AUC graduate briefly detained by military police

Wednesday, August 17th, 2011
Noor Ayman Nour, an AUC graduate, was among a number of activists briefly detained and then released by military police during a protest against military trials for civilians.

Nour told The Caravan shortly after his release that they were protesting outside a military court in Nasr City August 14 in solidarity with the families of civilians currently facing military tribunals.

"Everybody deserves a fair civilian trial," Nour said.

Asmaa Mahfouz, 26, an Egyptian activist and one of the founders of the April 6 opposition movement, is among several civilians facing military tribunal. Mahfouz has been accused of defaming the Supreme Council of Armed Forces (SCAF) on her Twitter account and Facebook page, and encouraging violence against some of the SCAF members.
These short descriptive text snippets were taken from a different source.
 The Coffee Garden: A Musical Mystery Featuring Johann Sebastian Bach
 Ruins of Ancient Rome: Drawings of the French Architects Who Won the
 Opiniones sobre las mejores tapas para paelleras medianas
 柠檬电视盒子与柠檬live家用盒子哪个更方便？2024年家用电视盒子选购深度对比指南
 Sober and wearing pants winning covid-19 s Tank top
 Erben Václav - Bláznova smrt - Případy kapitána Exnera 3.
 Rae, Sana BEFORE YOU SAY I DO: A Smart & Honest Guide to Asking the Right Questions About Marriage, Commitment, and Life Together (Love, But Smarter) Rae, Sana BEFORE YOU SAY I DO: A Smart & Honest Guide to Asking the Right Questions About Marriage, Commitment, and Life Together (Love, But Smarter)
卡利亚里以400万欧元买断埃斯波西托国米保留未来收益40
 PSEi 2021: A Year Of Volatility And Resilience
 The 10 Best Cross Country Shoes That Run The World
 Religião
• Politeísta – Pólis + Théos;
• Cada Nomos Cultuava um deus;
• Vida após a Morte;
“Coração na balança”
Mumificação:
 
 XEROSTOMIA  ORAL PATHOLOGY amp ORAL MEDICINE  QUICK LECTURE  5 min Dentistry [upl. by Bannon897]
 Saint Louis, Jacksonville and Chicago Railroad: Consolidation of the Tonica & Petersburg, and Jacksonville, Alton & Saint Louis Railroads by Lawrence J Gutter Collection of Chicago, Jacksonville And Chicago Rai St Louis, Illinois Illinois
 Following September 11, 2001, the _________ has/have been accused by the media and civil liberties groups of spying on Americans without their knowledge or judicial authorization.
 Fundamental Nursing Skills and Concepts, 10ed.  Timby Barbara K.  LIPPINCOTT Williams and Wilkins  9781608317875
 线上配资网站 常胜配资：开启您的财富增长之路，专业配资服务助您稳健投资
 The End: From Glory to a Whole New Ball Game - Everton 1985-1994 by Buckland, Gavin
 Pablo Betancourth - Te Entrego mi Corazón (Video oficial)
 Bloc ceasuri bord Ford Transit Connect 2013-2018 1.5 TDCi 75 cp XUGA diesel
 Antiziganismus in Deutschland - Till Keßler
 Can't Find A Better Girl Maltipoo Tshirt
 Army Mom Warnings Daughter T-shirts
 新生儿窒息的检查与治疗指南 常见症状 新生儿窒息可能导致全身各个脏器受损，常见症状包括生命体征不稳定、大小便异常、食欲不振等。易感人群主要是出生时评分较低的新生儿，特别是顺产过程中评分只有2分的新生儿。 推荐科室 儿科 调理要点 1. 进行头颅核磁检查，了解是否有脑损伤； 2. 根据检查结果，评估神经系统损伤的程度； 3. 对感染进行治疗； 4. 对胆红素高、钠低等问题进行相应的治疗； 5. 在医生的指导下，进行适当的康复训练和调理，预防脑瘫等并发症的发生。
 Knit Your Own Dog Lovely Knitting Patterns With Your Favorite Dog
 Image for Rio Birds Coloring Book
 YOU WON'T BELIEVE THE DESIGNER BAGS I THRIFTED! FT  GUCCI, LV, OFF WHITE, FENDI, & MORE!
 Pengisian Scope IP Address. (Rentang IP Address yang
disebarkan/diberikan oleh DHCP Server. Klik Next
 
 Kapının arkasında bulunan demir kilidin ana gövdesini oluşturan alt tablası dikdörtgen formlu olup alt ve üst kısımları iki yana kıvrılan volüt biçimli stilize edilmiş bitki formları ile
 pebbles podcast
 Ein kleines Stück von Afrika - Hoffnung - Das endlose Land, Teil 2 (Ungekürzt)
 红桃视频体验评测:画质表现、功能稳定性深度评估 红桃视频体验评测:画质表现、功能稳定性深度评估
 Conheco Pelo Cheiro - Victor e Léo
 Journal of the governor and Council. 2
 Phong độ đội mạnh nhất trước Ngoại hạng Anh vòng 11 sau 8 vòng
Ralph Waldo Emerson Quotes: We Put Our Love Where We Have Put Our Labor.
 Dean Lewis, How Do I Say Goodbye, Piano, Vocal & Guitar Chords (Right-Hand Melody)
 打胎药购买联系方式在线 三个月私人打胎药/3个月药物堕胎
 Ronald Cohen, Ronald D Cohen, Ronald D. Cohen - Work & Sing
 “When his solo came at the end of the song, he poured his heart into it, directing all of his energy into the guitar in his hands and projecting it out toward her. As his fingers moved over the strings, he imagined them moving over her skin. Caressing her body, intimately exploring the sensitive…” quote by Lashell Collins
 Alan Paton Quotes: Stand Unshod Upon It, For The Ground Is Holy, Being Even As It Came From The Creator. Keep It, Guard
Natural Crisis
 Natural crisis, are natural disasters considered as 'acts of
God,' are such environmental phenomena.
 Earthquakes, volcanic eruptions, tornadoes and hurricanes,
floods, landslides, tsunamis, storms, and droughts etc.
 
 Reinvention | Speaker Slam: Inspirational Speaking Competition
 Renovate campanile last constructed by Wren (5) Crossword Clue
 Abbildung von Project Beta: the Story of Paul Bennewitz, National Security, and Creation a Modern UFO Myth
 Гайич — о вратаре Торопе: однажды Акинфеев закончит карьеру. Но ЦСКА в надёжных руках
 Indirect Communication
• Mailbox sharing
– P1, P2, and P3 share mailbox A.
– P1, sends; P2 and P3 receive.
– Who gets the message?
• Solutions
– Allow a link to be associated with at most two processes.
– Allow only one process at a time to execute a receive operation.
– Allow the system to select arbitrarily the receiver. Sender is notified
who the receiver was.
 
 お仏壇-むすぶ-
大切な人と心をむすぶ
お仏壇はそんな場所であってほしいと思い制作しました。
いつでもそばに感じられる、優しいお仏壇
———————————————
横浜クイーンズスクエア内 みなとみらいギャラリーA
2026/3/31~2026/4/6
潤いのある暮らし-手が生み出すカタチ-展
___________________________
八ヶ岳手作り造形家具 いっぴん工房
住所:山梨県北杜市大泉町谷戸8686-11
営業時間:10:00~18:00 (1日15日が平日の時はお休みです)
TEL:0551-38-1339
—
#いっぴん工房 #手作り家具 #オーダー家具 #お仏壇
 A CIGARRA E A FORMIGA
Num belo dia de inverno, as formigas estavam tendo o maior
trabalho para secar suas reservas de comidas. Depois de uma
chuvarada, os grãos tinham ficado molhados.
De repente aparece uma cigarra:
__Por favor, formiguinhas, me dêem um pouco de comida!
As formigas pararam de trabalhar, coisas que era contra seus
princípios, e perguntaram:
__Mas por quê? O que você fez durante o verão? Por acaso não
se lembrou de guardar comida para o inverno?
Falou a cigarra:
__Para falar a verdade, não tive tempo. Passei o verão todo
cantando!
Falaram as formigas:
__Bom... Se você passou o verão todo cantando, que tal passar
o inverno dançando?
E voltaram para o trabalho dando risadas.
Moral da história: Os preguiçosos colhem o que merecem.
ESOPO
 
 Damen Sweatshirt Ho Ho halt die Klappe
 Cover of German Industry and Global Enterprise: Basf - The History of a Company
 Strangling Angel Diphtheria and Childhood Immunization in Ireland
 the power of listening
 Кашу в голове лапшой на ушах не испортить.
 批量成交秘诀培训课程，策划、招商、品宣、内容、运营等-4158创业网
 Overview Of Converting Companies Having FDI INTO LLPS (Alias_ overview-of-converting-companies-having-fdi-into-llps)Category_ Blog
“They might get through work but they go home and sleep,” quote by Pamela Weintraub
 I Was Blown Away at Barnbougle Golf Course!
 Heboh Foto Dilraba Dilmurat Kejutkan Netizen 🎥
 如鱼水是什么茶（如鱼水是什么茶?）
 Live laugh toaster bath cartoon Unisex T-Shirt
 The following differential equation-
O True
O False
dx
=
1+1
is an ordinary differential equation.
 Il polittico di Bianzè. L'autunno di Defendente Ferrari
Mahfouz was released on an EGP 20,000 bail after four hours of questioning by the military on August 14.

Earlier this week, Amnesty International called on the SCAF to drop charges against Mahfouz.

Nour says he was detained after a scuffle between activists and military police outside the Nasr City military court following a female protester's complaint that a soldier was allegedly giving her "inappropriate looks".

"I was beaten up and dragged inside the military facility, my glasses were lost and I could not see for half an hour," said Nour, adding that he two other activists were also detained.

He says that once inside the facility, the three activists were treated with decency, in contrast to the beating he received in the street.

"Under the regime of [former President Hosni] Mubarak, I [would] have never been beaten up that much," said Nour.

He said that it saddened him that after everything the Egyptians went through since January 25, "peaceful protesters are still brutally beaten up".

While some Egyptians have been against the ongoing protests, particularly in Tahrir Square, Nour, still maintains that peaceful protests have borne fruit. But he cautions that military trials for civilians remains one of the major problems Egyptians have to continue protesting against, as "now they are targeting activists."

"They have cut of all sort of communication, they are forcing us to protest, there is no other way to get our word across," Nour said.